▼
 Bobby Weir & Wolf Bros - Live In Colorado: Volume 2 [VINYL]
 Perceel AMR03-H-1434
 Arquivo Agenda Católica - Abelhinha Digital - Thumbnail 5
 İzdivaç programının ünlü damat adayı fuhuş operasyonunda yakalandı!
▲
▼
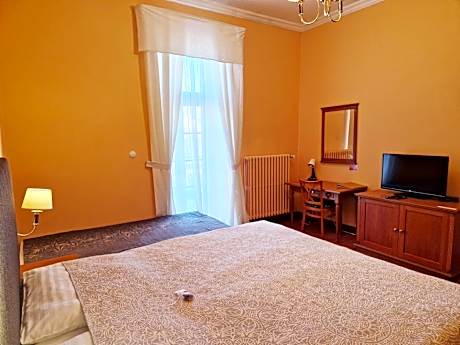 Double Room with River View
▲
• [PROBLEM DESCRIPTION] Of the lines above, retype only those from the line containing "Bobby Weir &" through the line containing "İzdivaç programının ünlü", including both, exactly.

• [YOUR SOLUTION]
 Bobby Weir & Wolf Bros - Live In Colorado: Volume 2 [VINYL]
 Perceel AMR03-H-1434
 Arquivo Agenda Católica - Abelhinha Digital - Thumbnail 5
 İzdivaç programının ünlü damat adayı fuhuş operasyonunda yakalandı!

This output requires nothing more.